Production systems add a re-ranker to refine the top results, combine vector search with keyword search (hybrid), and filter by metadata and permissions. Quality depends heavily on chunking and the embedding model.
Components
Benefits
- Search by meaning, robust to wording.
- Cross-lingual and multimodal matching.
- The backbone of RAG and semantic search.
- Cheap to query at scale once indexed.
Risks
- Poor chunking degrades every downstream result.
- Embedding model mismatch hurts relevance.
- Vectors can leak sensitive info; secure the store.
- Pure vector search can miss exact-match needs (use hybrid).
Tools & technologies
Examples
- Semantic search over a help center that matches intent, not keywords.
- Retrieving relevant passages to ground a RAG answer.
- Clustering support tickets by topic using their embeddings.
FAQs
- How are embeddings different from keywords?
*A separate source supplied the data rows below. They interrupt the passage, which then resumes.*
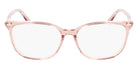 Calvin Klein CK22505 601 53 - Rose #id:kcck22505601_s:100100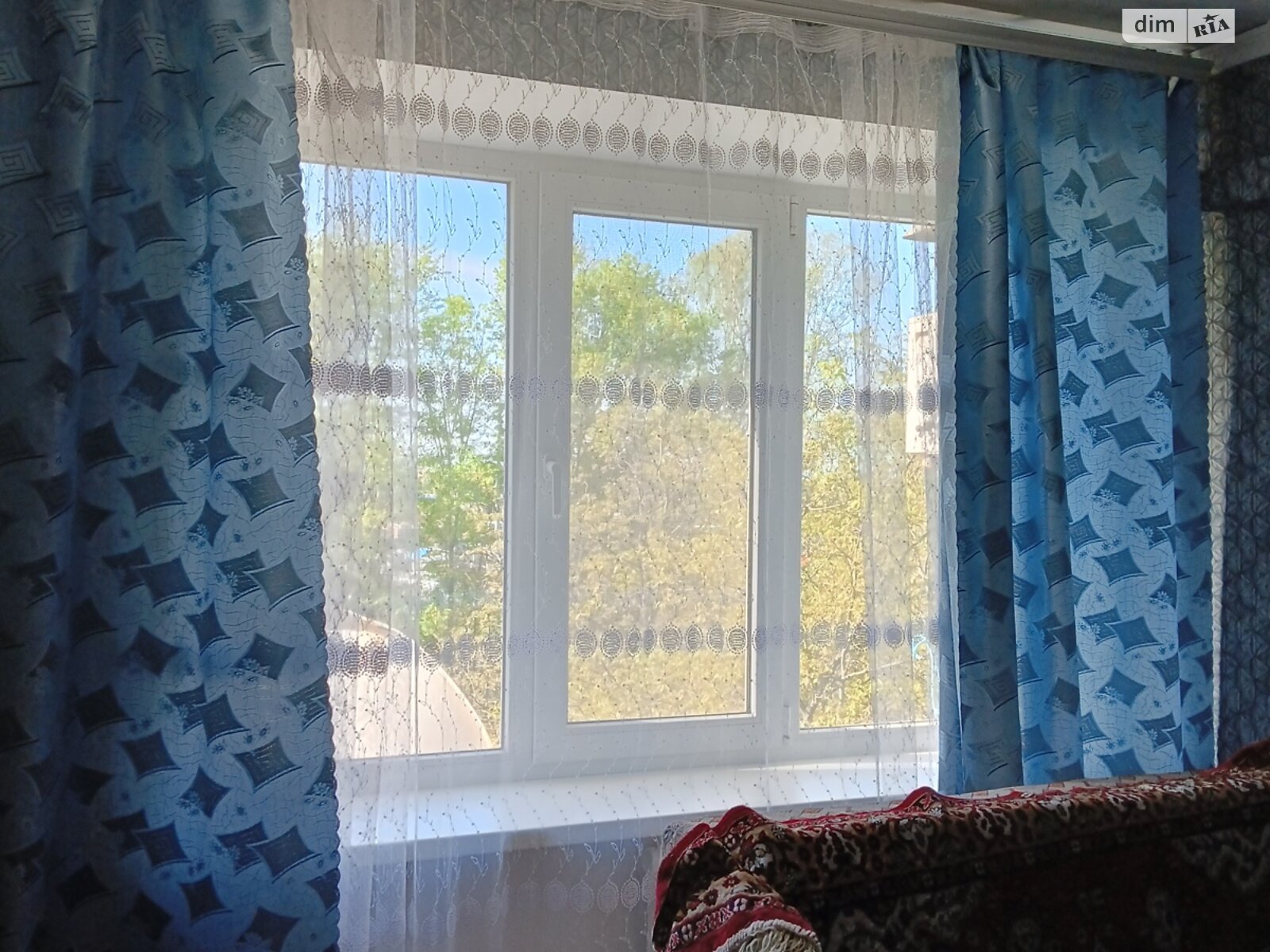 трикімнатна квартира в Полтаві, район Алмазний, на шосе Київське в довготривалу оренду помісячно фото 1 трикімнатна квартира в Полтаві, район Алмазний, на шосе Київське в довготривалу оренду помісячно фото 1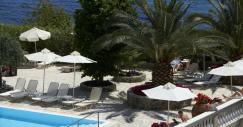 Luxury-Marbella-Beach-Hotel-Corfu-01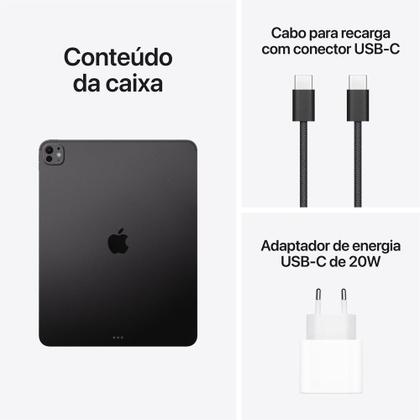 Apple iPad Pro 13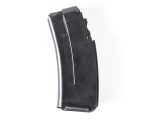 VZ61 Skorpion 10 round magazine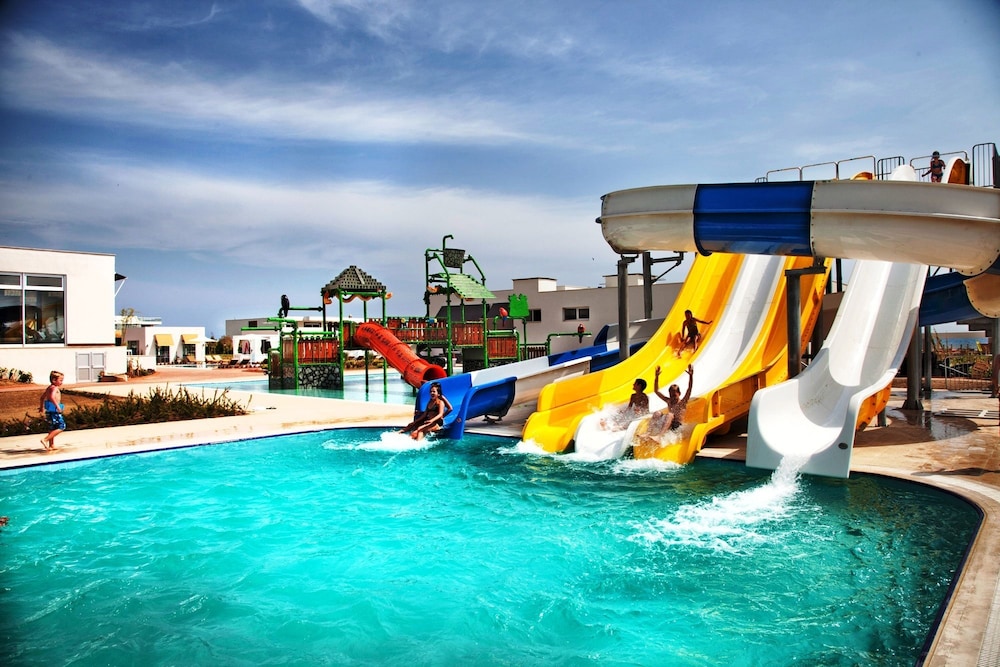 Karya Family Resort 78/88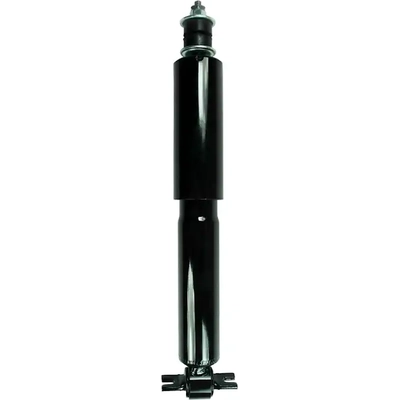 Front Shock Absorber by FCS AUTOMOTIVE - 341575 pa3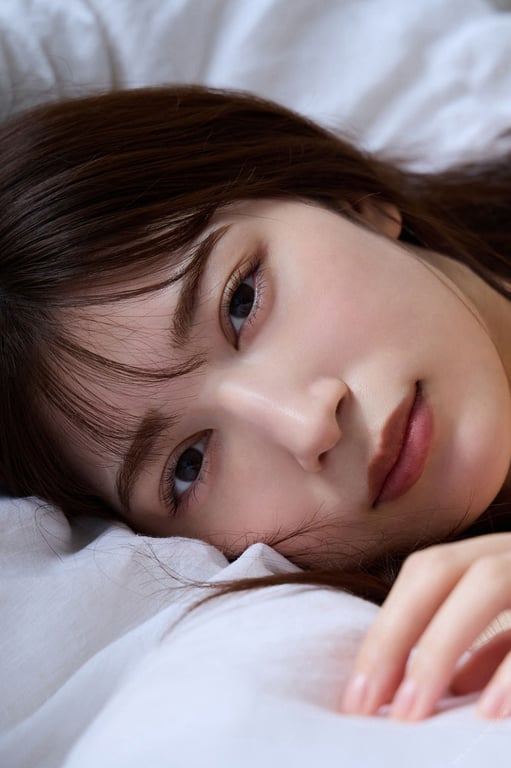 图片[116]-#雪平莉左 给你Ｋ．Ｏ． ＦＲＩＤＡＹデジタル写真集 - 全本免费在线观看-阅图吧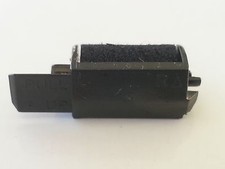 Staples SPL P100 SPL-P100 SPLP100 Ink Roller (10-pack) picture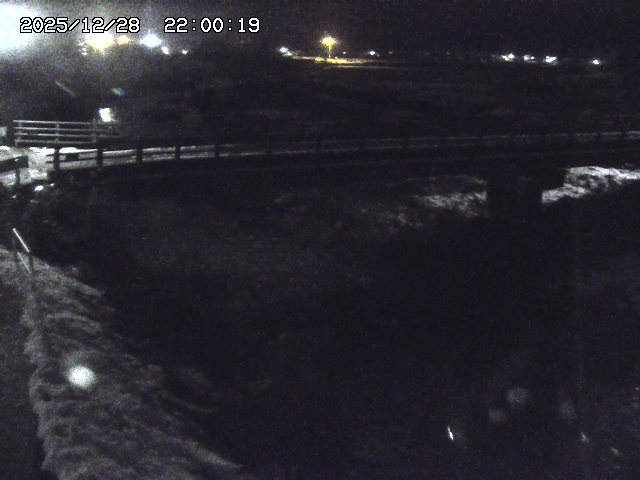 私都川５2025/12/29 10:00:00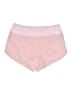 Athleta Pink Athletic Shorts Size M - photo 1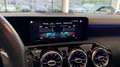 Mercedes-Benz CLA 45 AMG 4MATIC Aut. Weiß - thumbnail 28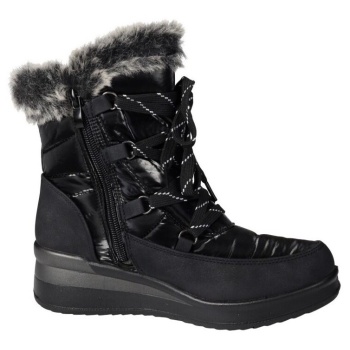 μπότες mysoft - |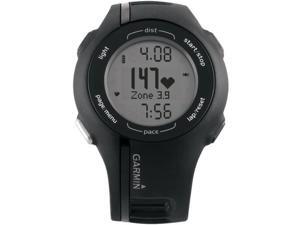 GARMIN 010-N0863-32 Refurbished Forerunner(R) 210 GPS Receiver With Heart Rate Monitor GARMIN 010-N0863-32 Refurbished Forerunner(R) 210 GPS Receiver With Heart Rate Monitor
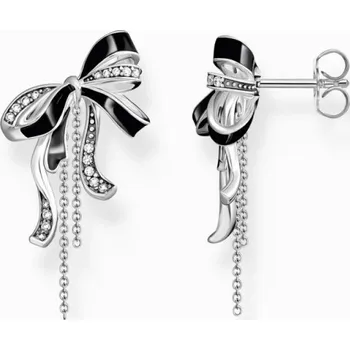 Náušnice Thomas Sabo H2310-691-11 + doprava zdarma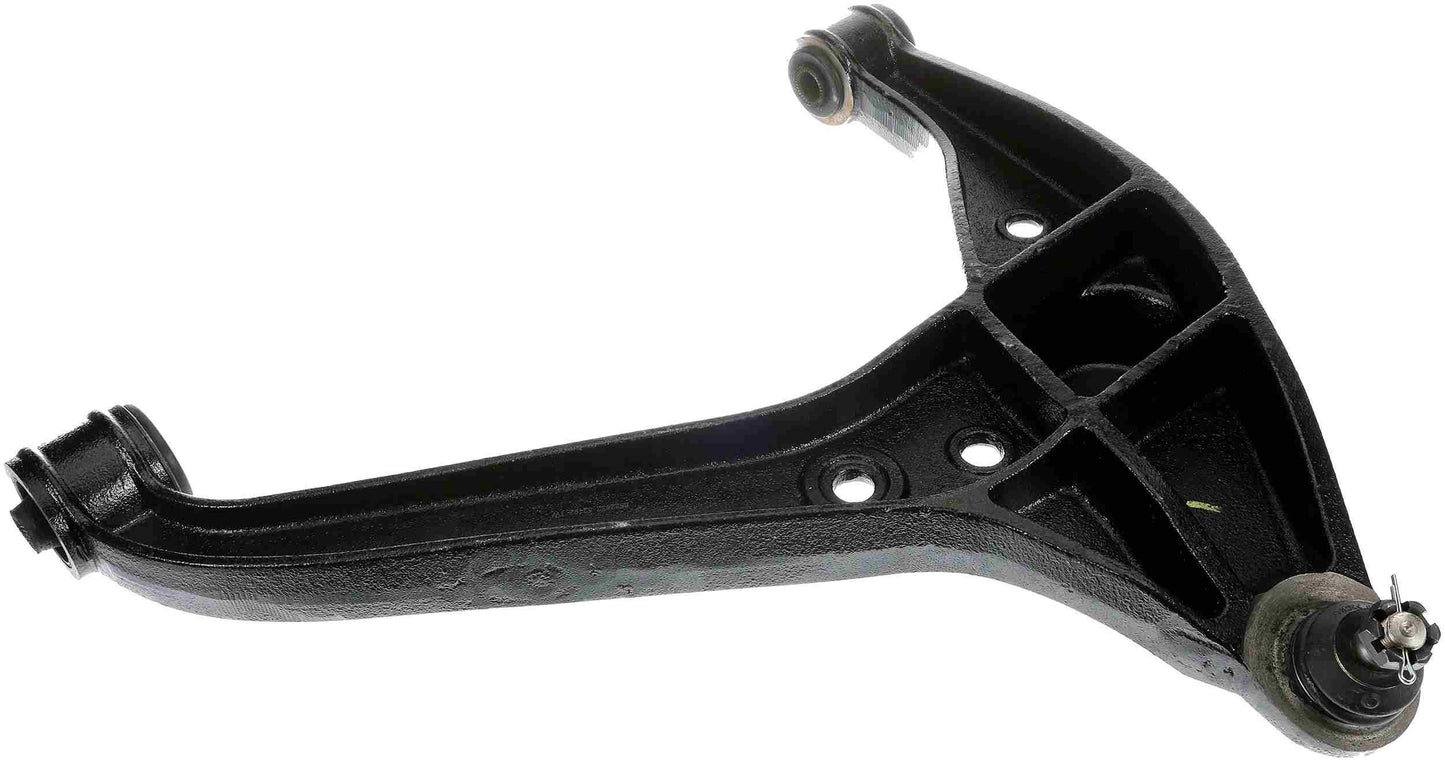 Dorman - OE Solutions CONTROL ARM 522-432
- Keyword search matches exact words; embeddings match meaning, so paraphrases and synonyms still retrieve the right content.
- What is vector search?
- Finding the stored embeddings nearest to a query embedding by a similarity metric like cosine distance — search by semantic closeness.
- Why combine vector and keyword search?
- Vectors excel at meaning but can miss exact terms (codes, names). Hybrid search blends both for the best recall and precision.
- Do embeddings power RAG?
- Yes. RAG embeds documents and queries, retrieves the nearest chunks by vector search, and grounds the model's answer in them.